Little terns fly over half of the world every year, not bad for birds weighing less than a tennis ball.

Appearance

The Little Tern is about 24 centimetres long and weighs about 45 grams. That’s lighter than half a chocolate bar! Their long narrow wings and short legs are highly optimized for flying. The outer feathers of the wings are black, the tail however is white and forked. The back is light grey and the underside is white. The best way to identify them is their black mask-like head pattern and white forehead. The bill is yellow with a black tip.

 

Incidence

Apart from the American continent, the Little Tern can be found almost everywhere in the world. However, it avoids the north of Russia and central China. In Africa and Australia, they are essentially found in coastal regions. In Central Europe, the Little Tern also used to settle inland along natural rivers’ gravel and sandbanks. Such habitats hardly exist today and little terns had to move to the coasts.

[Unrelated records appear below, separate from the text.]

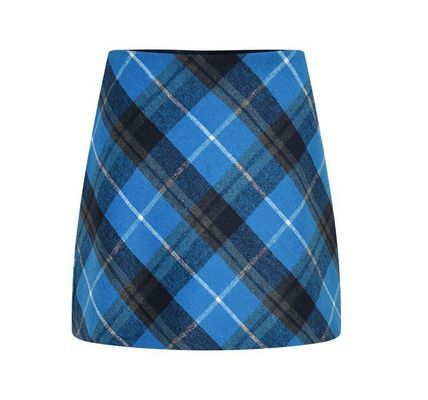 CURETTY C CHECKED A-LINE SKIRT in Blue and Black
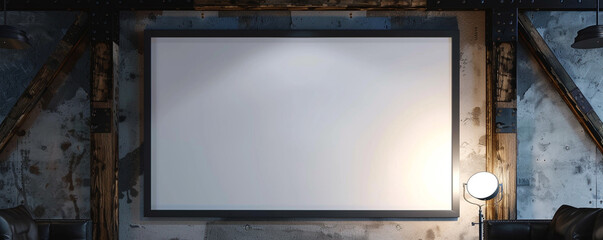 One empty white frame with dark borders, centrally spotlighted and tilted slightly to the right in a modern architectural studio against a wall 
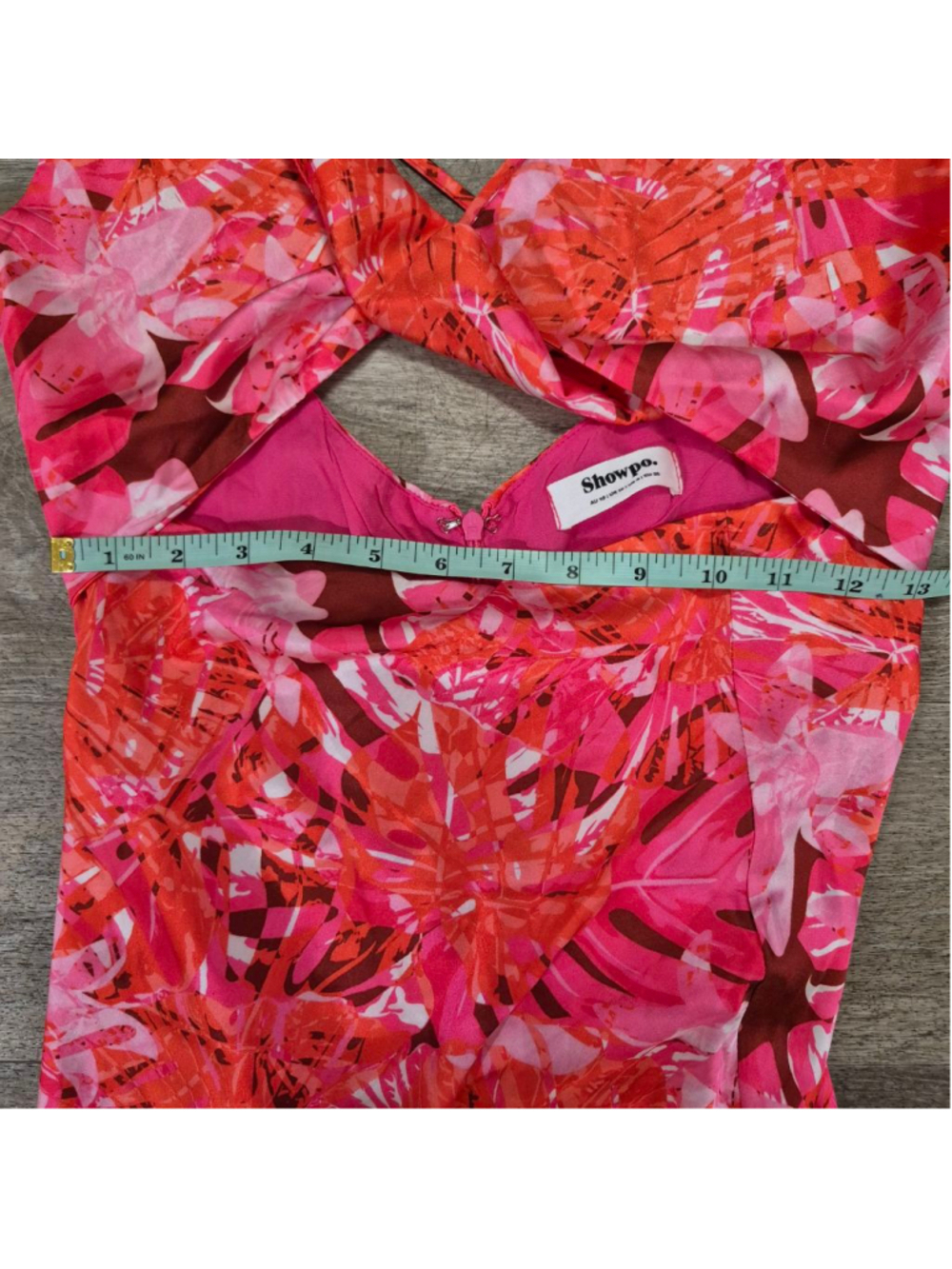 Women's Showpo. Pink Orange Floral Cutout Maxi Dress Size 6 - Picture 10 of 11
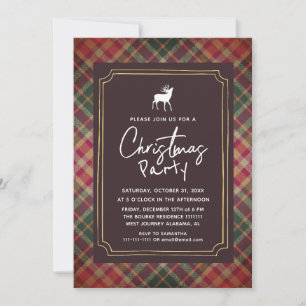 Chic Rustic Tartan Plaid Christmas Party Invitation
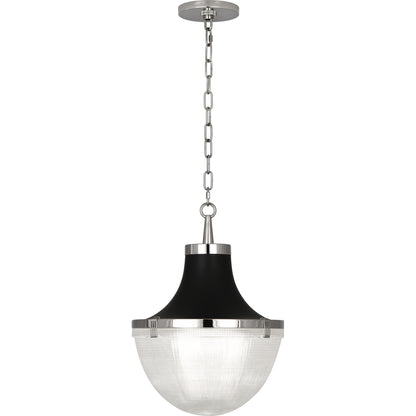 Brighton chain pendant light with polished nickel finish, matte black hood, and clear Holophane glass diffuser.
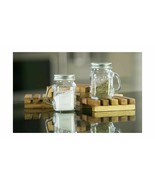 Mason Craft &amp; More 2 Pc Mason Jar Salt and Pepper Shakers Rustic Clear G... - £11.18 GBP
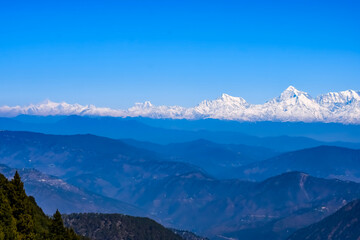 Very high peak of Nainital, India, the mountain range which is visible in this picture is Himalayan Range, Beauty of mountain at Nainital in Uttarakhand, India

The Little Tern is a migratory bird. Every year in autumn it sets off on a long journey to West Africa and spends the winter there. Their return to their breeding areas takes place at the beginning of May.

 

Behaviour and interesting facts

Like most terns, little terns feed by plunge-diving. They usually hover above the water and plunge once they found a small fish, sometimes from 10 meters high. They may feed on insects on some occasions. Males also use fishes as an offering during their courtship display.

By the end of May, the female lays 1 to 3 eggs. The nest is usually a shallow depression in the sand. Both parents incubate the eggs for 17 to 22 days. Terns are very defensive of their nest and young and will never hesitate to attack an intruder getting too close.